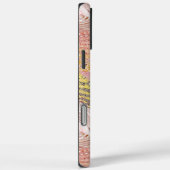 Kleurrijk Abstract Golfvormig Geometrisch Patroon Case-Mate iPhone Case (Achterkant / Rechts)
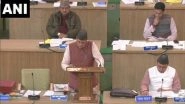 India News | Uttarakhand Assembly Proceedings Adjourned Indefinitely Two Days After Presentation of Budget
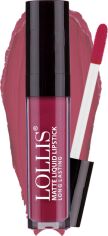 Акція на Рідка матова помада для губ Lollis Matte Liquid Lipstick Long Lasting 20 6 мл від Rozetka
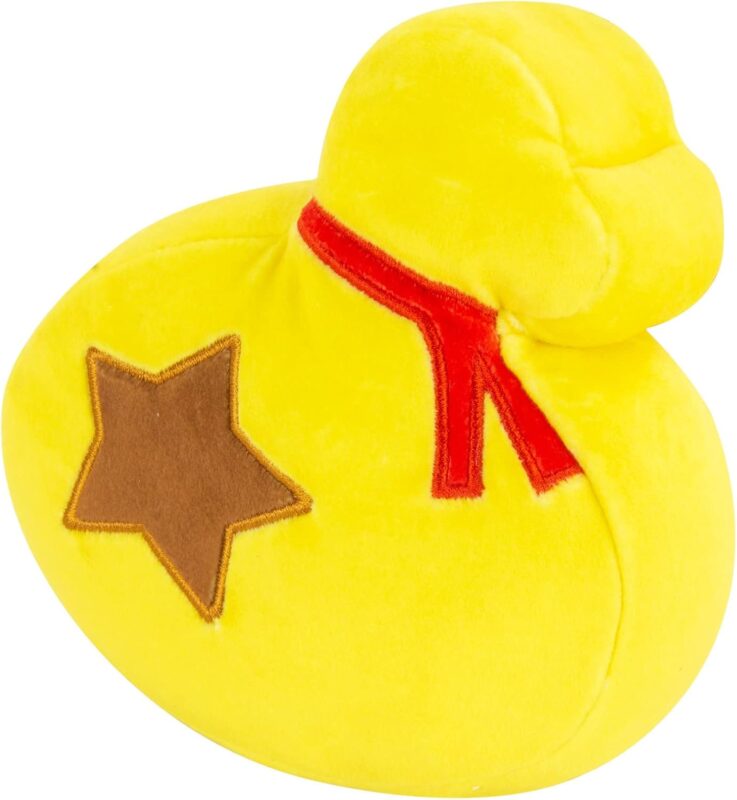 tomy animal crossing bell bag junior plush toy 6 in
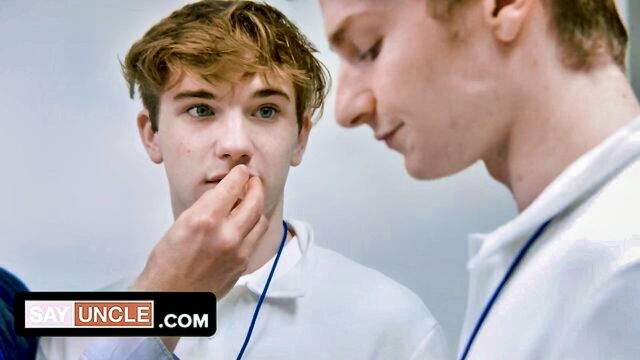 Cole Connor - gay sex parody severance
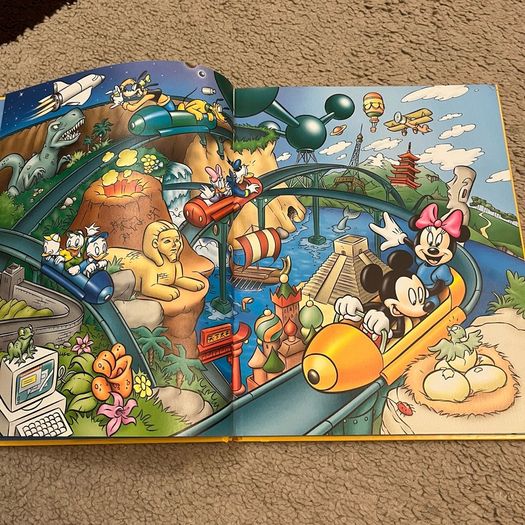 Disney - The Wonderful World Of Knowledge - Dinosaurs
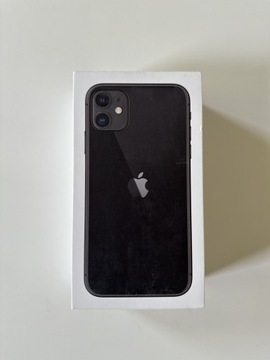 Pudełko iPhone 11 128GB Black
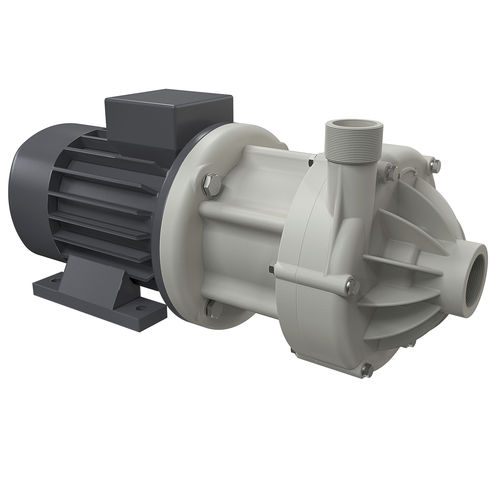 Kreiselpumpe - DM 15 - DEBEM SRL - für Chemikalien / magnetgekuppelt / stationär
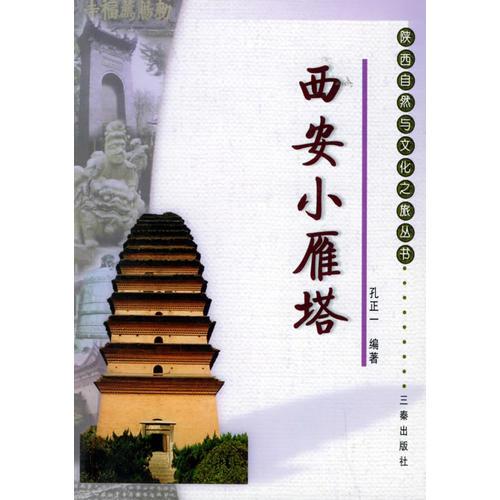 西安小雁塔——陜西自然與文化之旅叢書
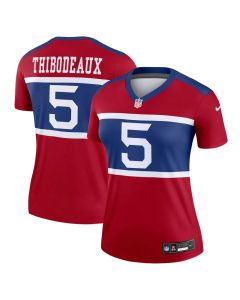 Women's New York Giants Kayvon Thibodeaux Century Red Alternate Legend Player Jersey (Red)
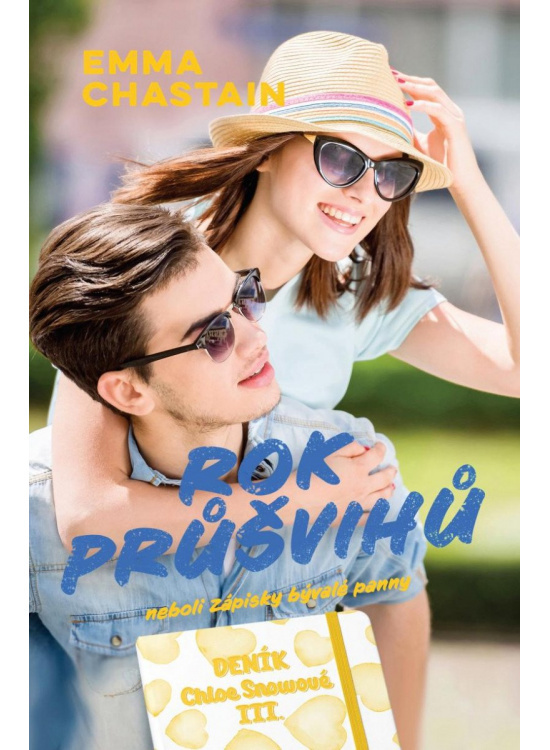 Rok průšvihů - Emma Chastain
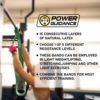 POWER GUIDANCE Pull Up Assist Bands - Stretch Resistance Band - Mobility Band - Powerlifting Bands - by Perfect for Body Stretching, Powerlifting, Resistance Training - Image 6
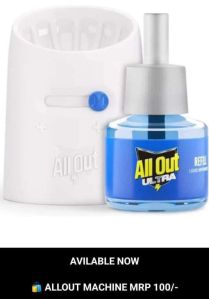 All Out Mosquito Repellent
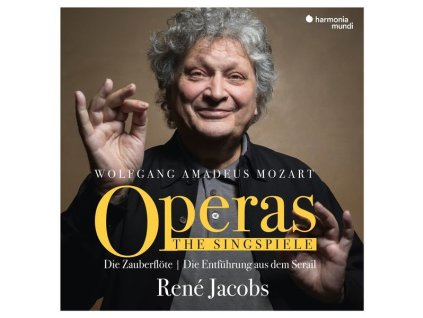 Wolfgang Amadeus Mozart (1756-1791) - Operas - The Singspiele (CD)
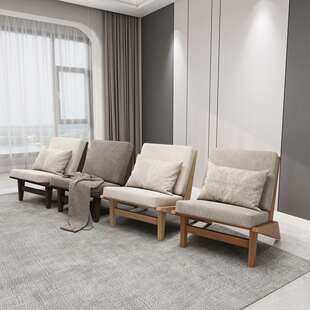 沙发美容院休闲沙发椅沙发洽谈接待样板房中现代奢酒店古风轻单人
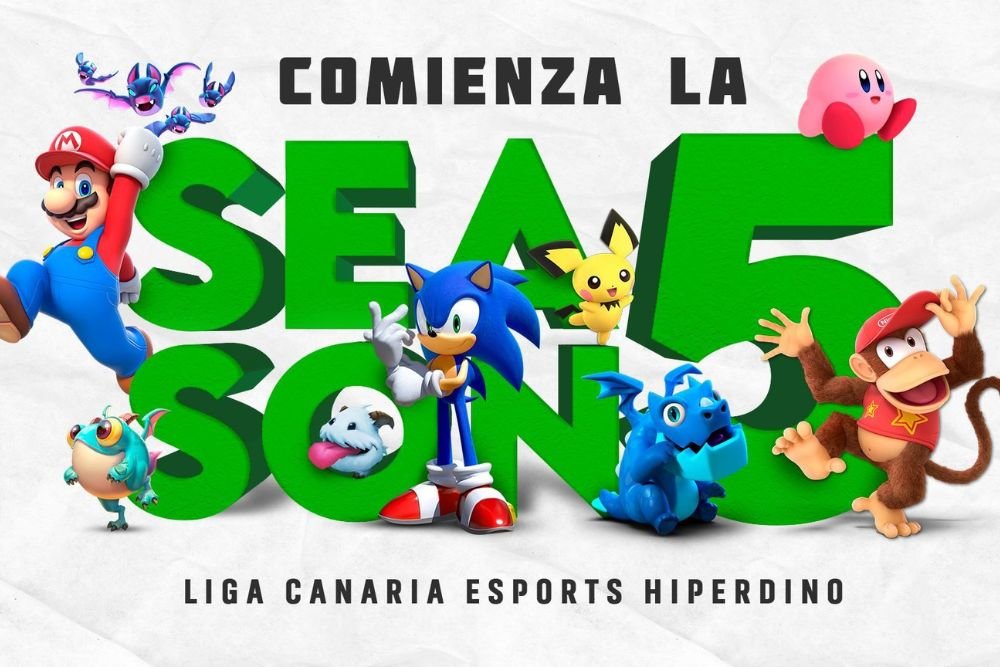 Liga Canaria de Esports HiperDino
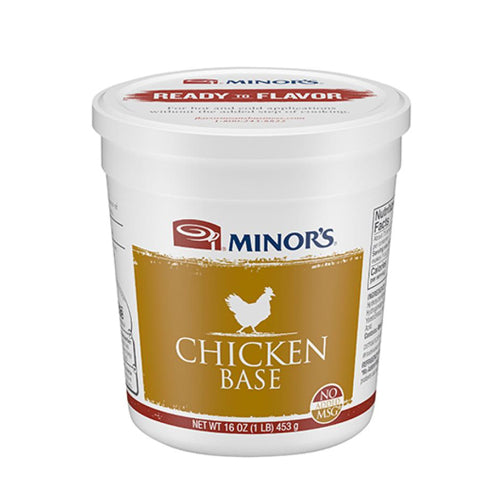 Minor's Chicken Base 1lb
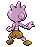 #236 Tyrogue sprite Posterior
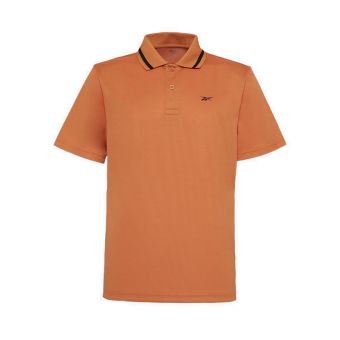 Barga Performance Men's Polo - Sunbaked Clay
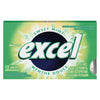 Excel Sweet Mint Sugar Free Gum, 12 ct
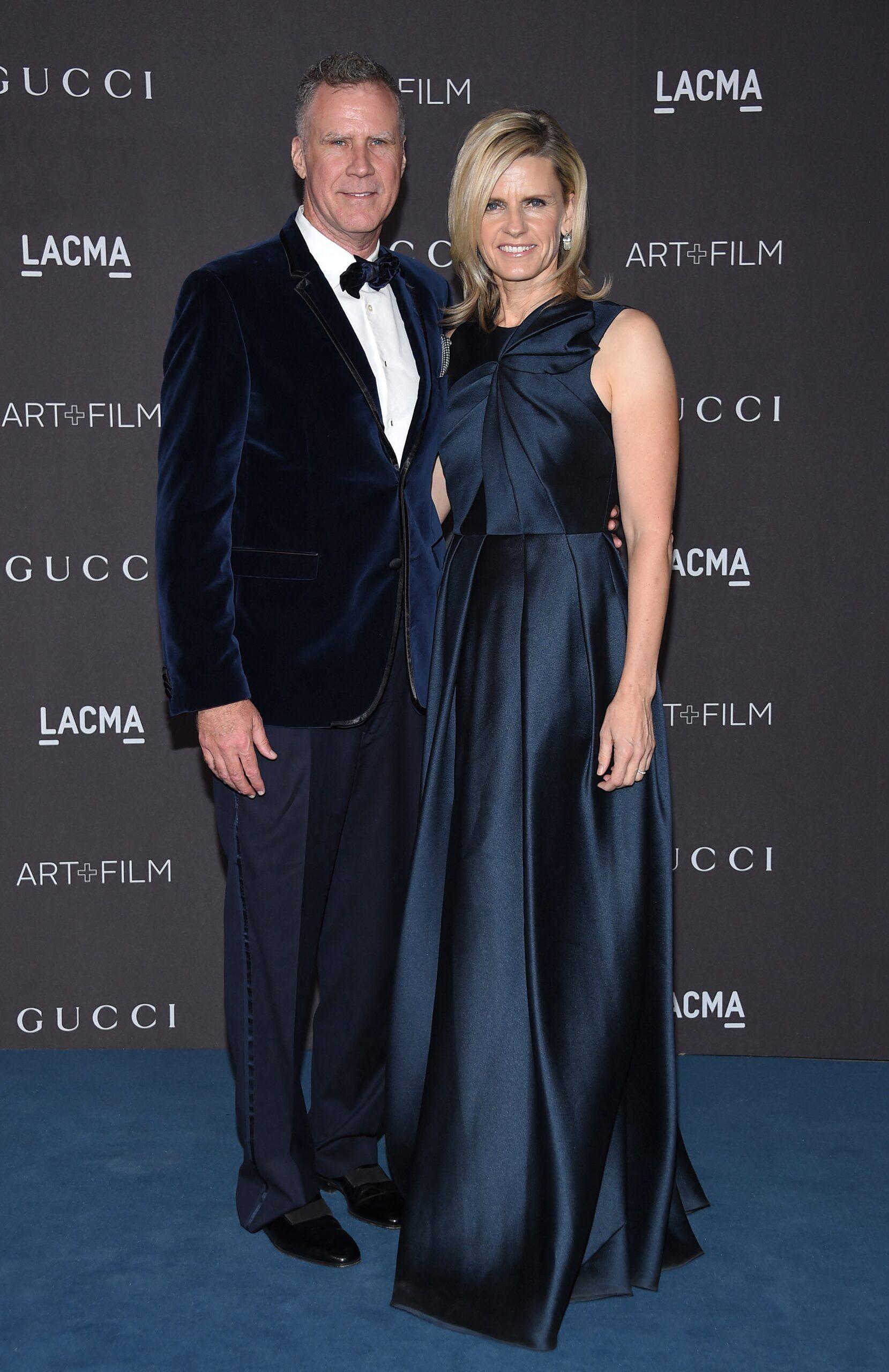 Will Ferrell and Viveca Paulin at LACMA Art + Film Gala 2019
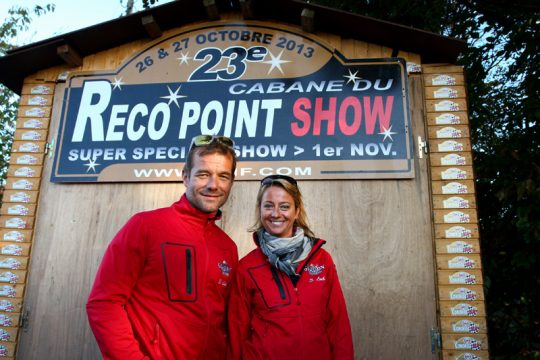 Sébastien Loeb und Frau Séverine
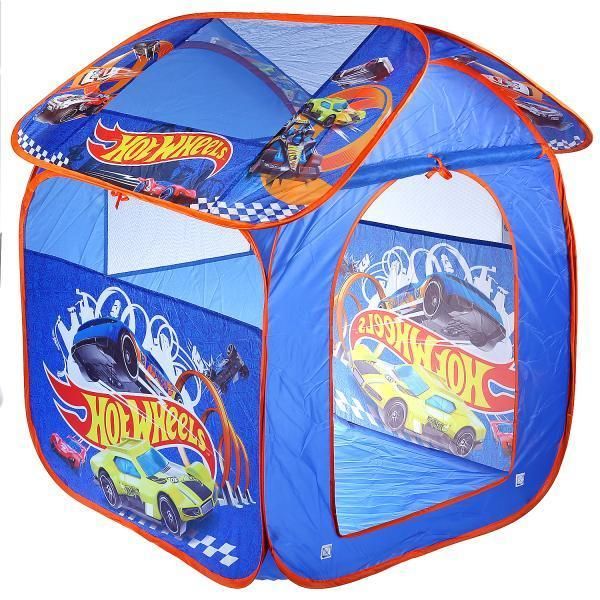 Children's play tent HOT WHEELS 83x80x105cm, in a bag Let's play together
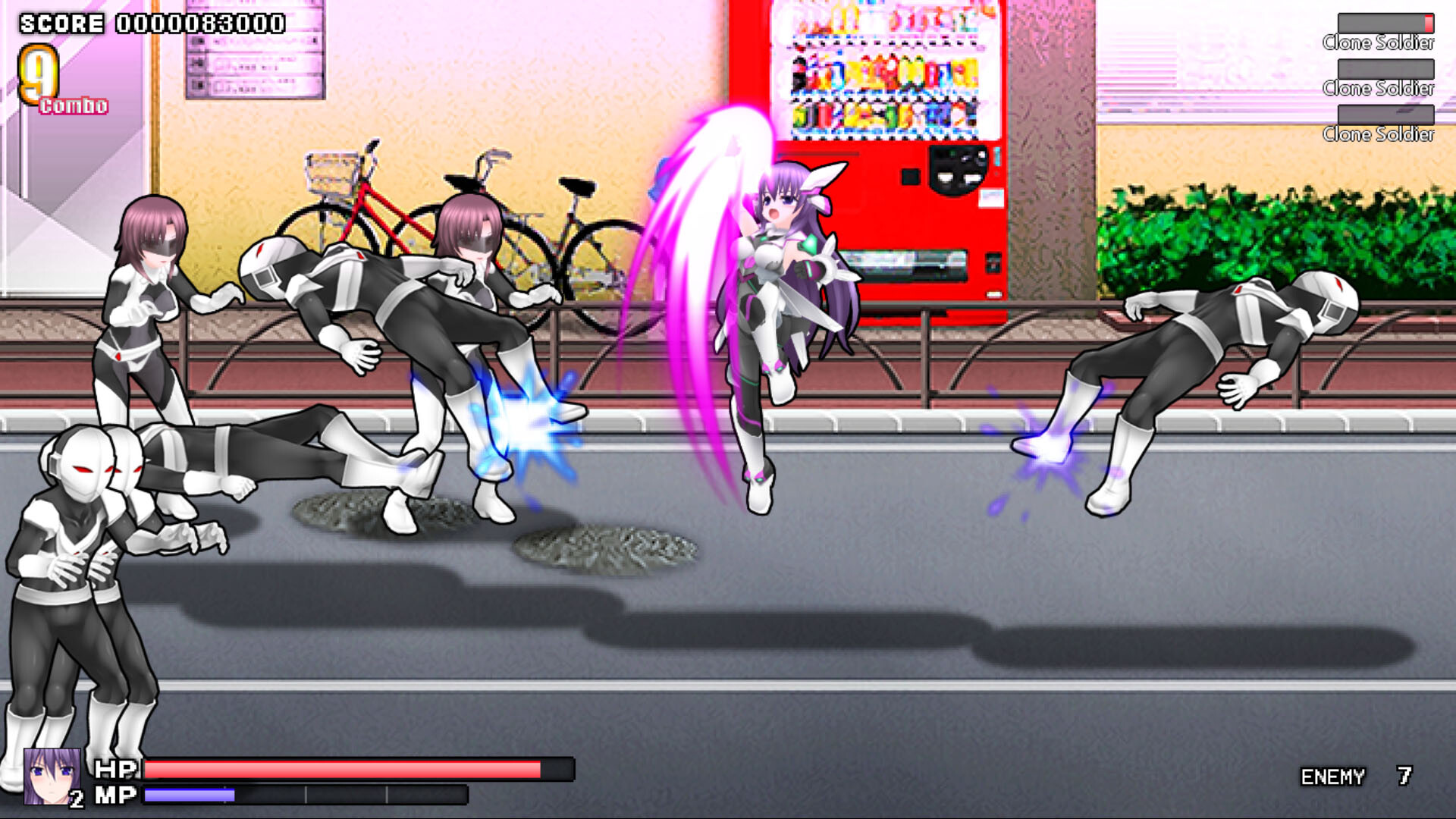 BlazingAngel Mistletear screenshot 6
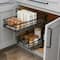 Household Essentials Glidez 2-Tier Cabinet Organizer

____

Leave out the images and write out the lines above exactly, from the one with "Pudełko iPhone 11 128GB Black" up to and including the one with "沙发美容院休闲沙发椅沙发洽谈接待样板房中现代奢酒店古风轻单人".

• EXERCISE OUTPUT:
 Pudełko iPhone 11 128GB Black
 Kreiselpumpe - DM 15 - DEBEM SRL - für Chemikalien / magnetgekuppelt / stationär
 西安小雁塔——陜西自然與文化之旅叢書
 Women's New York Giants Kayvon Thibodeaux Century Red Alternate Legend Player Jersey (Red)
 Rok průšvihů - Emma Chastain
 POWER GUIDANCE Pull Up Assist Bands - Stretch Resistance Band - Mobility Band - Powerlifting Bands - by Perfect for Body Stretching, Powerlifting, Resistance Training - Image 6
 All Out Mosquito Repellent
 Wolfgang Amadeus Mozart (1756-1791) - Operas - The Singspiele (CD)
 沙发美容院休闲沙发椅沙发洽谈接待样板房中现代奢酒店古风轻单人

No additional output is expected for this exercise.